Data shown
┌──

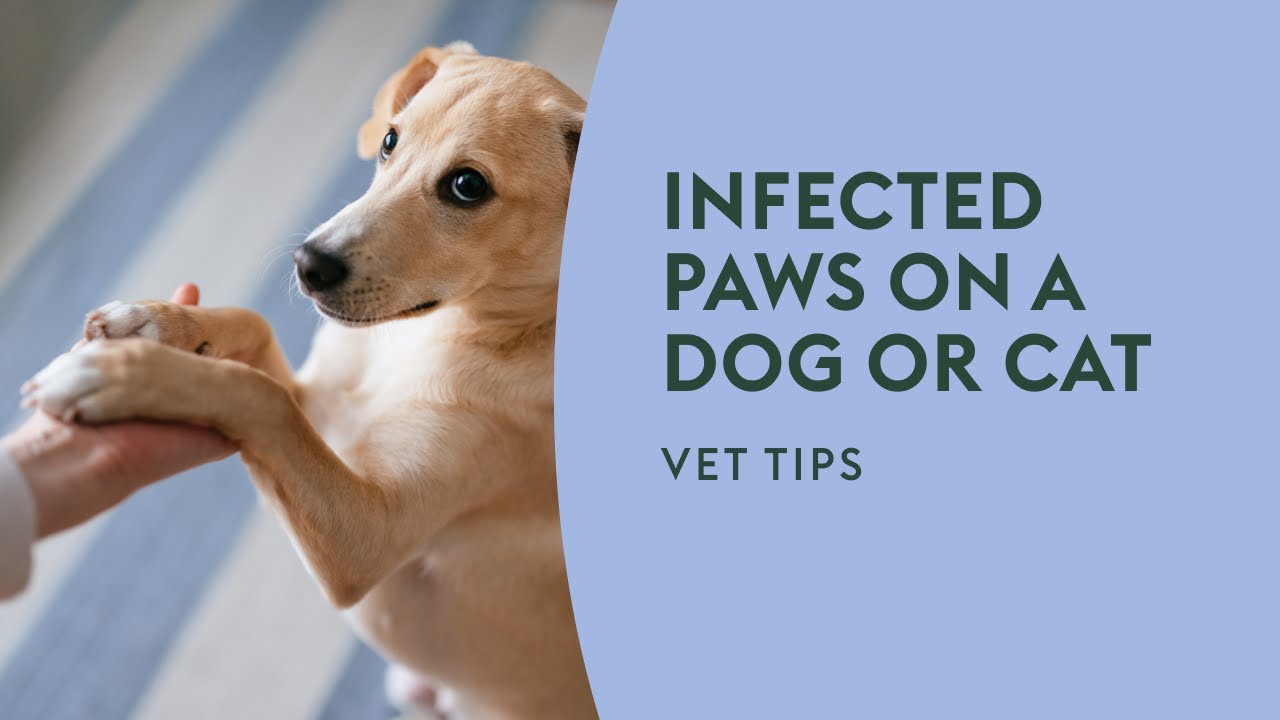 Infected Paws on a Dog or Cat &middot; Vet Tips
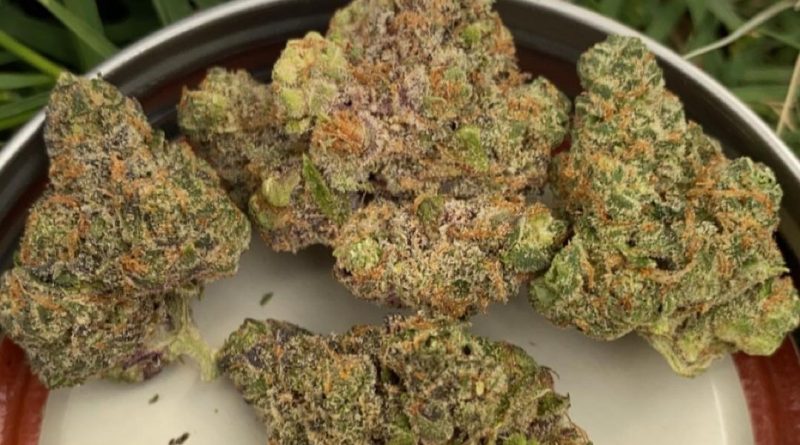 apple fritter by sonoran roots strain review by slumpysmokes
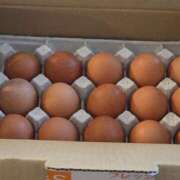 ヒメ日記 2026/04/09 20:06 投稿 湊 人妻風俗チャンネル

└──

Activity
Each line from the one that holds "apple fritter by" through the final line of the data must be retyped exactly; the pictures must not appear.

Answer section
 apple fritter by sonoran roots strain review by slumpysmokes
 ヒメ日記 2026/04/09 20:06 投稿 湊 人妻風俗チャンネル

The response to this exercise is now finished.